Almost half of the town's registered voters — 571 or 48.5 percent of the 1,176 on the checklist — turned out to vote.
Article 6, which would have included commercial drive-thrus as a permitted use in the Neighborhood Commercial District and by special exception in the Village and Rural districts, was voted down, 339-222.
Only the Mountain District would have been excluded.
The zoning change was opposed by a group of residents, including Dublin General Store owner Andy Freeman, who posted a sign on an empty lot he owns on Route 101 that said a Taco Bell was coming soon. The sign was just a way of getting residents' attention, said group member Miriam Carter.
"That was something on our part to wake up the town as to what was at stake because there wasn't a lot of information from the Planning Board at that point," Carter said.
Members of her group believed the Planning Board had proposed zoning changes that would have affected 70 percent of the town without enough public hearings, input and outreach.
"I'm delighted, as is the group. We put a big effort out to inform the townspeople at what was at stake, and it seemed like it paid off. I would hope that in the future, the town would allow the town more dialogue before such a major vote," Carter said.
The proposed change would have directly affected the Carr's Store gas station/convenience store at the intersection of routes 101 and 137, which had proposed a $1 million renovation last year that included plans for a drive-thru Dunkin' Donuts.

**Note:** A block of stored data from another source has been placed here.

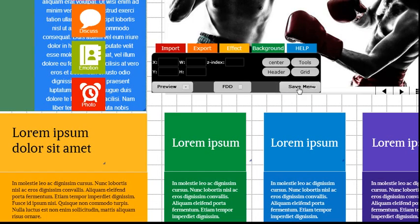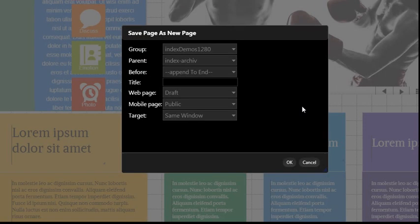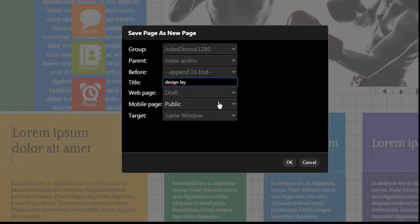Step 4: Select design-layout-1 and click open. Step 5: After that, click save as in p-win on the right side to create a new page, which we will give the name design-layout-1.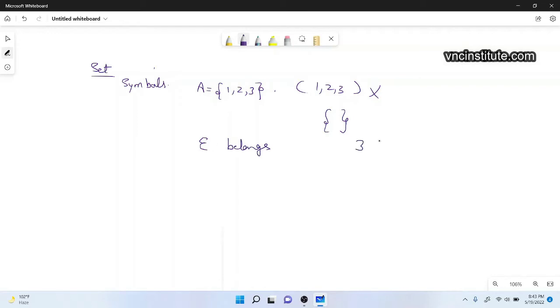This is ULTA E. This is E. This is E. This means belongs to.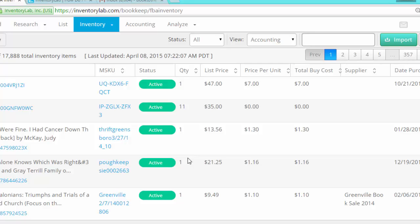And that's it. So the price per unit is now on InventoryLab. It can take about 10 minutes for it to show up but it will be on there.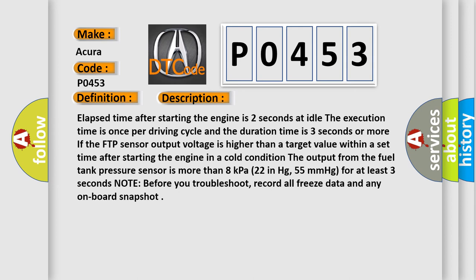If the FTP sensor output voltage is higher than a target value within a set time after starting the engine in a cold condition. The output from the fuel tank pressure sensor is more than 8 kilopascals, 22 inches Hg, 55 millimeters of mercury for at least three seconds.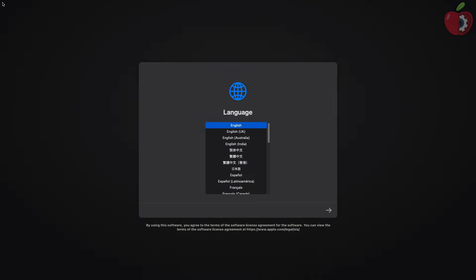And as you can see, the installer has been successfully booted with the created EFI. And now you can proceed with the installation.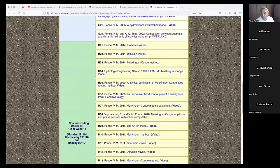Good afternoon. This is CIBE 634, Surface Water Hydrology, class 13, week 2, second class. The subject today is going to be more detail on the Muskingum-Cunge flood routing method. I'm going to cover today H7 and H8.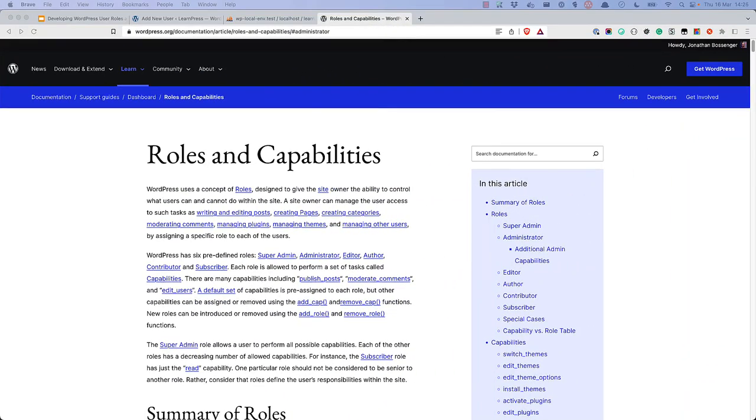You can read up on the full list of default user roles and capabilities in the official WordPress documentation.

That plan was withdrawn, said Planning Board Chairman Bruce Simpson. But during the site-plan process, there was confusion about the drive-thru plan because the town zoning ordinance is vague on the subject, so the Planning Board sought public input, then put forth a zoning change proposal based on that feedback, he said.
Wednesday, Simpson said, "We really didn't have a firm sense on the opinion of town for or against, so now we have a better idea of this. We won't be pursuing drive-thrus in town anytime soon."

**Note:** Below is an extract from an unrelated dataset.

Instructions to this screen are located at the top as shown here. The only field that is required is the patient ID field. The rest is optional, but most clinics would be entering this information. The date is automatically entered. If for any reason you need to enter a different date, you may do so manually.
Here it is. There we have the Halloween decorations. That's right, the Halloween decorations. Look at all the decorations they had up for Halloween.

The vote might have been different if the zoning change had only been proposed in the Commercial Neighborhood District, he said. Misinformation was also spread about fast-food restaurants popping up all over town, which was false, he said.
"It think people, maybe, got misinformation and were scared of the ramifications," he said.

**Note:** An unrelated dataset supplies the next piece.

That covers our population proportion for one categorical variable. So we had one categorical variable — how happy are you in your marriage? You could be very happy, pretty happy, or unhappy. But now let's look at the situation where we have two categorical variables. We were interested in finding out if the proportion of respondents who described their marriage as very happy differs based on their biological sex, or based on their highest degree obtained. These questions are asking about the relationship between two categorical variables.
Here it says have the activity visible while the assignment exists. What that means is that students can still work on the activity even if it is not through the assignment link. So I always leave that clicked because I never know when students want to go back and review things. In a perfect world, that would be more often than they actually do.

Carter said, "It was never about fear for us, and it was never about Carr's Store. It was about the Planning Board not doing right by the town."
All other proposed zoning changes passed, including one that allows gas stations to combine gas and diesel at the same pump by special exception.
Paul Delphia won the Select Board race with 270 votes against write-in candidates Charlie Champagne, who had 137 votes, and Allan "Geoff" Pinney, who had 74.
In a race for town clerk/tax collector, Jeannine R. Dunne won with 368 votes against Gretchen Ann Noe, who had 185.
Champagne, with 14 votes, and Richard Scheinblum, with 19 votes, were elected to the Budget Committee as write-in candidates.
In the Planning Board race, Suzan Macy, with 314 votes, and John Morris, with 275, won the two open seats, defeating Steven Baldwin, who had 249, and Gregg W. Fletcher, who had 182 votes.